Janet Jeppson and Isaac Asimov (Photo by Jay Kay Klein.)

Janet Jeppson and Isaac Asimov (Photo by Jay Kay Klein.)

There was one woman whom Isaac met in that period when his marriage to Gertrude was crumbling but had not yet got to the stage of a divorce who became both large and permanent in Isaac’s life. She was a New York psychiatrist named Janet Jeppson, who now and then wrote science fiction.
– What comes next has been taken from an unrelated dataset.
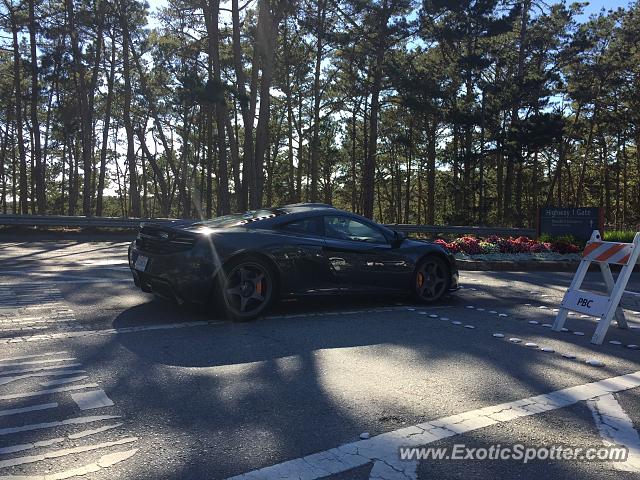 Mclaren 650S spotted in Pebble Beach, California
Janet and Isaac had once or twice bumped into each other at science-fiction events in the city, but nothing much came of it until they were both present at an annual banquet of the Mystery Writers of America. They found themselves talking mostly to each other, and thereafter Isaac regarded her as a good friend — at least until he came to regard her as the woman he would wholeheartedly love until the end of his life.

I didn’t at the time know Janet, and I was pretty curious about this woman who had so smitten the normally somewhat reticent Isaac Asimov. Isaac was, also uncharacteristically, always willing to talk about her; in fact you could say that Janet was his favorite topic of conversation in the years around 1970. When, a little overloaded with Janetiana, I finally asked him why she was incontestably the most desirable woman in the world for him, he thought for a moment and then said, “Because Janet has never once failed to make me feel welcome.”

One story Isaac told me says something about the degree of Isaac’s growing devotion to her — and about some of the problems that come with a degree of public recognition. Isaac had just finished delivering a lecture to a group in Boston when he got a phone message to say that Janet had collapsed with some sort of a brain problem in New York and was now in the emergency room of a hospital. There were few details. Shocked and frightened, Isaac said a quick goodbye to his hosts, ran out of the building, jumped into his car and was off.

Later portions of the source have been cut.